92. The combination for use of any one of claims 53-91, that is formulated for intravenous administration.

93. The combination for use of any one of claims 53-91, that is formulated for intravitreal administration.

94. The combination for use of any one of claims 53-93, wherein the anti-PD-Ll antibody comprises Pembrolizumab.

95. The combination for use of any one of claims 53-93, wherein the anti-PD-Ll antibody comprises BMS-936559.

96. The combination for use of any one of claims 53-93, wherein the anti-PD-Ll antibody comprises Avelumab.

97. The combination for use of any one of claims 53-93, wherein the anti-PD-Ll antibody comprises Atezolizumab.

98. The combination for use of any one of the claims 53-93, wherein the anti-PD-1 antibody comprises nivolumab.

99. The combination for use of any one of the claims 53-93, wherein the anti-PD-1 antibody comprises Pidilizumab.

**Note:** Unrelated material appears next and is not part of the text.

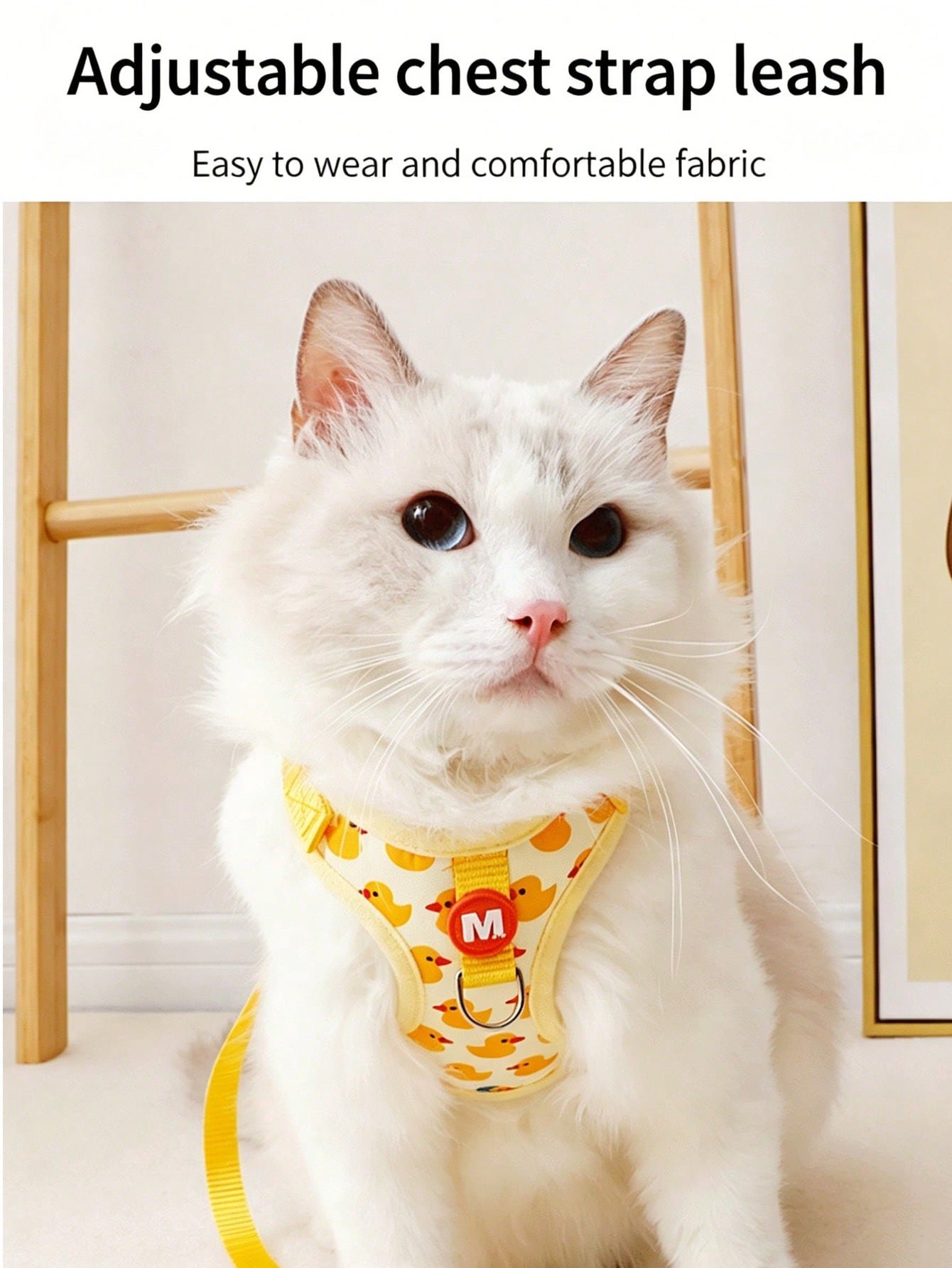 Adjustable nylon pet leash and vest-style harness set with cartoon duck design for cats and small dogs, suitable for outdoor walks or decorative use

100. The combination for use of any one of the claims 53-93, wherein the anti-PD-1 antibody comprises PDR001.

101. An anti-endoglin antibody or an antigen-binding fragment thereof for use in the treatment of cancer or a metastasis thereof by separate, simultaneous or sequential administration with an anti-PD-1 antibody or an antigen-binding fragment thereof and/or an anti-PD-Ll antibody or an antigen-binding fragment thereof.

102. An anti-PD-1 antibody or an antigen-binding fragment thereof, and/or an anti-PD-Ll antibody or an antigen-binding fragment thereof, for use in the treatment of cancer or a metastasis thereof by separate, simultaneous or sequential administration with an anti-endoglin antibody or an antigen-binding fragment thereof.